In traditional fog-radio access networks (F-RANs), deploying a massive number of enhanced remote radio heads (eRRHs) connected to the macro base stations (MBSs) through fronthaul links is often constrained by site limitations and high deployment costs. To address these challenges, we propose a novel framework leveraging smart helpers (SHs), which operate independently of fronthaul links by smartly caching and delivering popular content based on within-coverage eRRHs’ communications. This framework allows flexible deployment in diverse scenarios, such as dense urban areas and temporary public events, enhancing user quality of service (QoS) and reducing network load.

We further extend this concept by integrating unmanned aerial vehicle-based smart helpers (UAVSHs) into F-RANs. To address UAV limitations, such as restricted battery life and coverage, we incorporate reconfigurable intelligent surfaces (RISs) to optimize the service area. For both ground-based and UAV-assisted SH systems, we formulate optimization problems to minimize average content delivery delays while optimizing cache resources, user scheduling, and RIS configurations. Multi-agent reinforcement learning (MARL) algorithms are developed to achieve these goals.
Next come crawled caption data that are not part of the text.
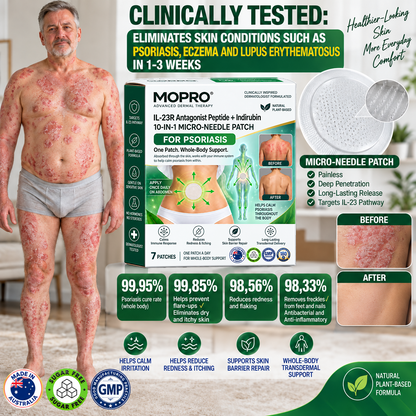 🔥 Only 10 left! Get 30% OFF your second purchase! MOPRO® helps reduce visible scaling, redness, dryness & itching while supporting psoriasis-prone skin. Limited stock — don’t miss out! 💚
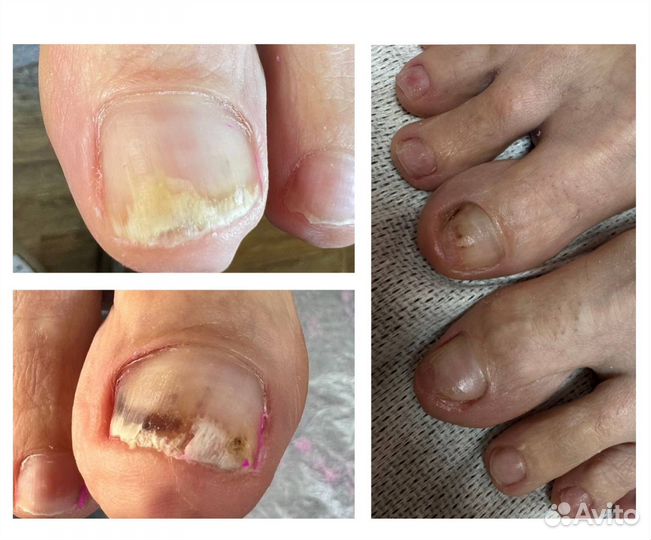 Подолог педикюр любой сложности, вросший ноготь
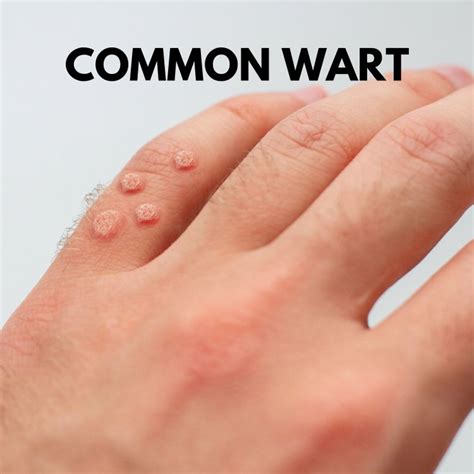 flat warts  palm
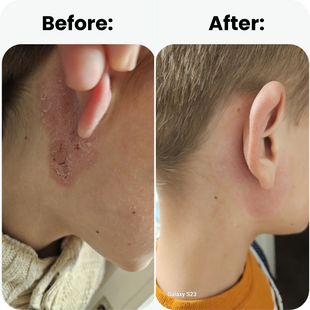 visible texture improvement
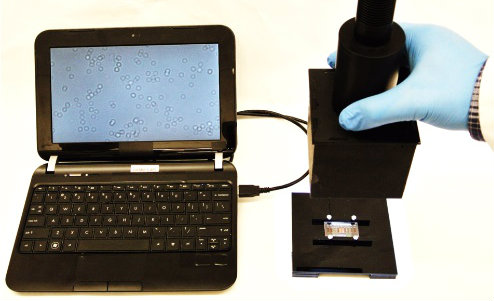 Hand held lensless device with attached laptop with image on screen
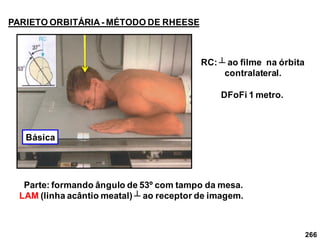 266
PARIETO ORBITÁRIA- MÉTODO DE RHEESE
Parte: formando ângulo de 53º com tampo da mesa.
LAM (linha acântio meatal) ┴ ao receptor de imagem.
RC: ┴ ao filme na órbita
contralateral.
DFoFi 1 metro.
Básica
Simulation results demonstrate substantial improvements in delivery delays, fronthaul load, and cache hit rates over traditional F-RAN architectures.

In addition, we explore the optimal placement of SHs to maximize cache efficiency and minimize delivery latency. By modelling SH cache hit rates as functions of outage probability and user density distribution, we employ the radial basis functions (RBFs) method to estimate user density and optimize SH placement using the particle swarm optimization (PSO) algorithm. Our numerical analysis confirms the efficacy of the proposed methods, highlighting their potential to improve F-RAN performance by significantly enhancing cache hit rates, alleviating fronthaul loads, and reducing content delivery delays.